# Solve dy/dt = 2y + 1 - (9/16)y^2

• Feb 27th 2008, 01:35 AM
wee
Solve dy/dt = 2y + 1 - (9/16)y^2
Hi,

Anyone can advise how the above equation can be solved?

Thanks.
wee
• Feb 27th 2008, 02:50 AM
Peritus
This is a simple Riccati equation:

$\begin{gathered}
y' = 2y + 1 - \frac{9}
{{16}}y^2 \hfill \\
\Leftrightarrow y' = - \frac{9}
{{16}}\left( {y + \frac{4}
{9}} \right)\left( {y - 4} \right) \hfill \\
\end{gathered}$

now it is easy to see that y= 4 and y = -4/9 are particular solutions to this equation, the following substitution allows us to find the general solution:
$

y = u + y_p$

let's choose $y_p=4$

thus:

$\begin{gathered}
u' = 2\left( {u + 4} \right) + 1 - \frac{9}
{{16}}\left( {u + 4} \right)^2 \hfill \\
\Leftrightarrow u' = - \frac{5}
{2}u - \frac{9}
{{16}}u^2 \hfill \\
\end{gathered}$

which is a Bernoulli equation.
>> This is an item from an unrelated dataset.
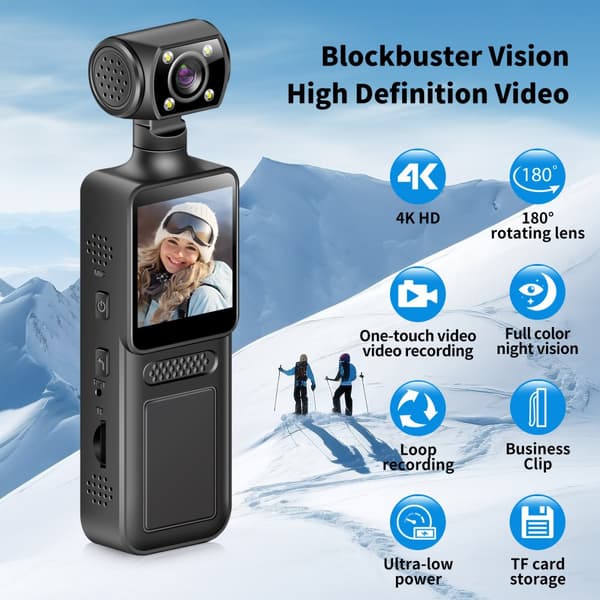 INF Högupplöst Clip-On Kroppskamera M12+ med WiFi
The substitution that is needed to solve this Bernoulli equation is:

$z = \frac{1}
{u}$

thus we get:

$z' - \frac{5}
{2}z = \frac{9}
{{16}}$

which is a linear first order ODE, and can be easily solved using the integrating factor method. After you finish just back substitute twice to obtain the final solution...
• Feb 27th 2008, 07:42 AM
Krizalid
You can treat it like a separable equation too. (It's not so bad.)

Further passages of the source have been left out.